YOUR INSTRUCTIONS: Below, find the line containing "绝区零苍角要怎么养成?"; from there to the final line, print every line exactly and skip the pictures.

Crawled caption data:
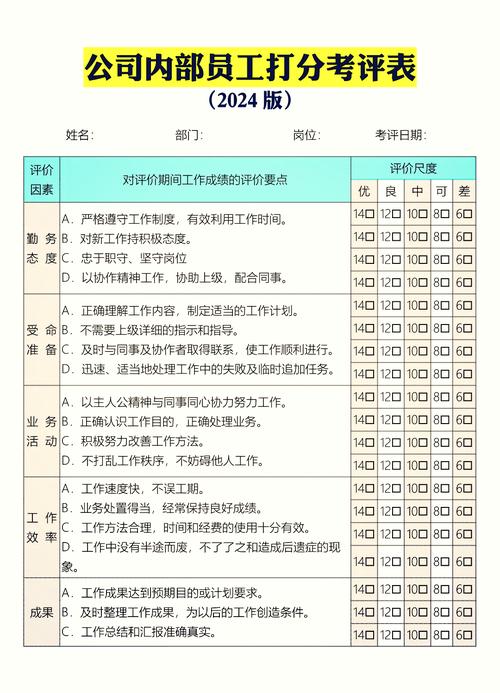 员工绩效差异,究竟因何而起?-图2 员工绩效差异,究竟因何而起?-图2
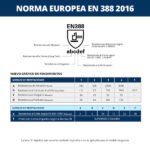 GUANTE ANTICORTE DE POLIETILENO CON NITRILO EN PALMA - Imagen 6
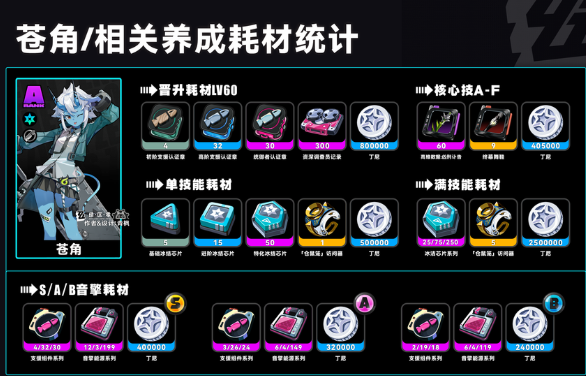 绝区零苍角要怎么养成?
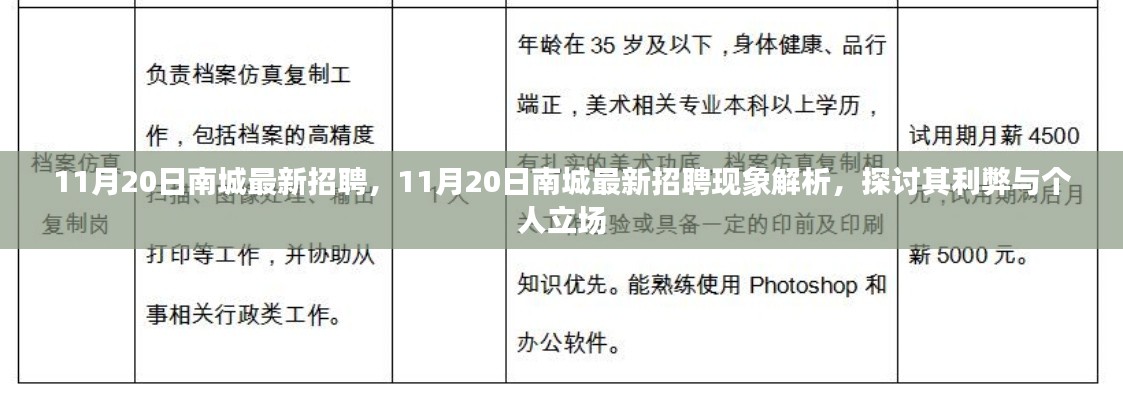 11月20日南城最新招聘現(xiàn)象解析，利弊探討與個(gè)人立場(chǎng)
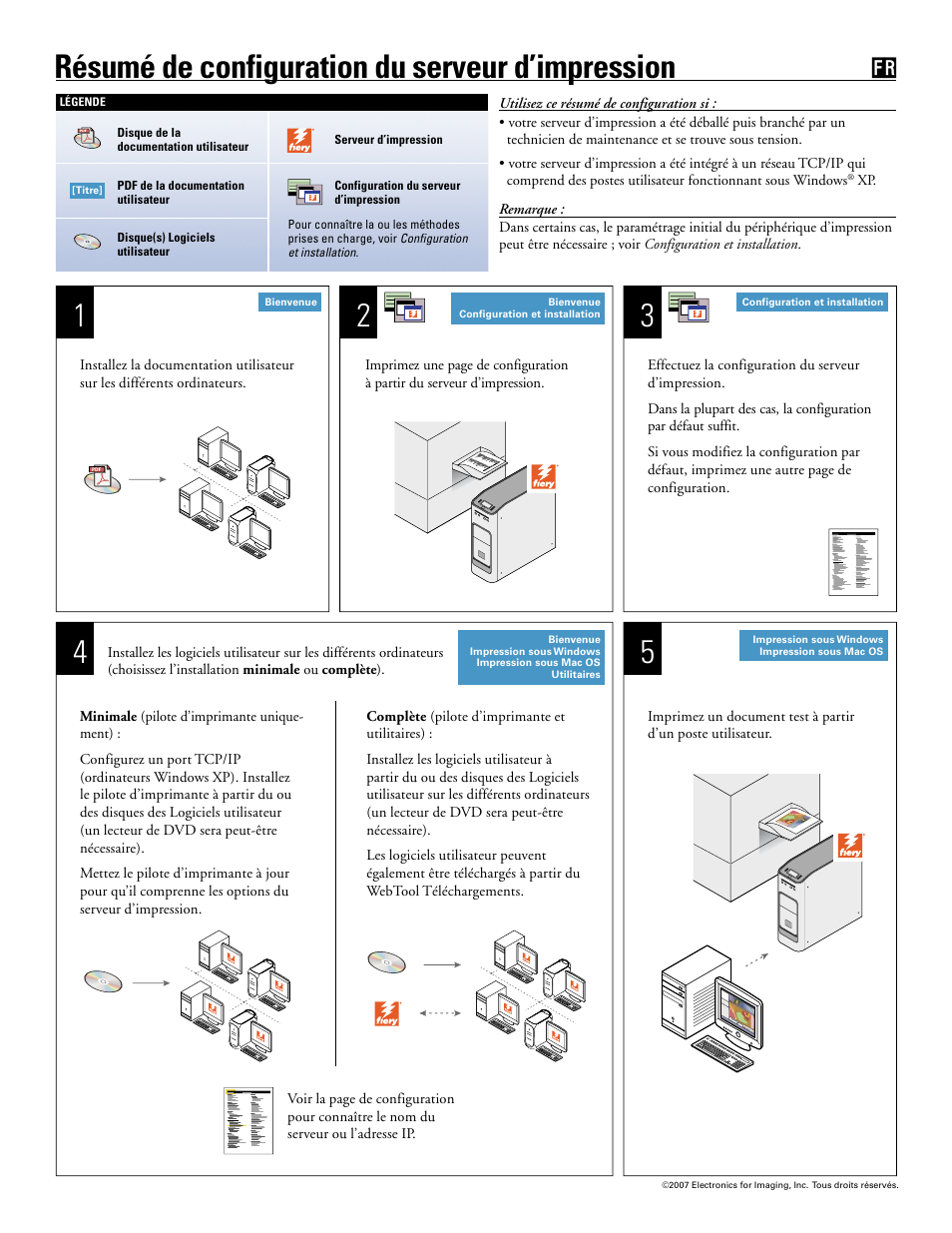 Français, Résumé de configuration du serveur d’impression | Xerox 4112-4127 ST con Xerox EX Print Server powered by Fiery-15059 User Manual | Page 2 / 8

OUTPUT OF THE EXERCISE:
 绝区零苍角要怎么养成?
 11月20日南城最新招聘現(xiàn)象解析，利弊探討與個(gè)人立場(chǎng)
 Français, Résumé de configuration du serveur d’impression | Xerox 4112-4127 ST con Xerox EX Print Server powered by Fiery-15059 User Manual | Page 2 / 8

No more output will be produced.